S’il faut retenir la qualification, cette prestation indigeste des Eléphants n’est pas de bon augure pour la suite de la compétition…

Effectivement, la prestation de l’équipe n’est pas rassurante. Elle est même inquiétante. Hier, on a montré trop de lacunes et de fébrilité. On n’arrivait même pas à aligner trois passes. C’est inquiétant à trois jours du quart de finale contre l’Algérie qui est nettement supérieure au Mali et à tous les adversaires qu’on a rencontrés depuis le début de la compétition.

Pour vous, quel est le secteur de jeu qui a été le plus défaillant ?
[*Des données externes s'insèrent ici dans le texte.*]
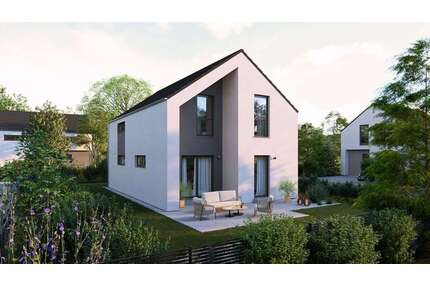 Haus zum Kaufen in Nettetal 480.900,00 € 148 m²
Aucun secteur de jeu n’a vraiment été à la hauteur. Même si on n’a pas encaissé de but, la défense, notamment les latéraux, ont été trop fébriles. Ils ont manqué d’impact. Heureusement qu’Ismaël Traoré était encore là pour colmater les brèches. Au milieu, hormis Serey Dié qui a été irréprochable, on a été en-dessous de tout. Si Kessié a fait preuve d’agressivité, j’ai été déçu par la prestation de Jean-Philippe Gbamin qui n’arrivait pas à tenir le ballon et à aérer le jeu. En attaque, Zaha et Pépé ont perdu beaucoup trop de ballons. Ils ne sont jamais parvenus à prendre le dessus sur leurs vis-à-vis. Kodjia s’est aussi montré très maladroit et défaillant dans son rôle de point de fixation.

Faut-il désespérer de Nicolas Pépé qui a été une fois de plus transparent ?

Nicolas Pépé ne s’est pas encore adapté aux spécificités de la Coupe d’Afrique des nations. C’est une compétition exigeante physiquement et mentalement. Il découvre la CAN et a du mal à s’adapter. Il est fébrile dans les duels, rate ses contrôles. Il est confiné dans un couloir. Il n’arrive pas à s’exprimer. Pourquoi ne faut-il pas placer le Lillois dans un rôle d’électron libre derrière l’attaquant ? Ce poste pourrait lui permettre de mieux exprimer son talent.

Pour battre l’Algérie, faut-il apporter des changements ? Si oui, lesquels ?

Il faut d’abord commencer à placer Nicolas Pépé en neuf et demi pour déjouer les plans de l’adversaire, titulariser le jeune Ibrahim Sangaré qui peut transpercer les lignes par ses passes et ses projections. En pointe, il faut aligner Wilfried Bony pour sa capacité à tenir le ballon et à permettre au bloc de remonter. Dans les couloirs, les options Gradel ou Maxwel Cornet peuvent aussi être intéressantes. Ce sont deux joueurs qui défendent beaucoup. Cela peut avoir son importance face à une équipe algérienne qui utilise beaucoup les ailes, qui adore étirer l’adversaire.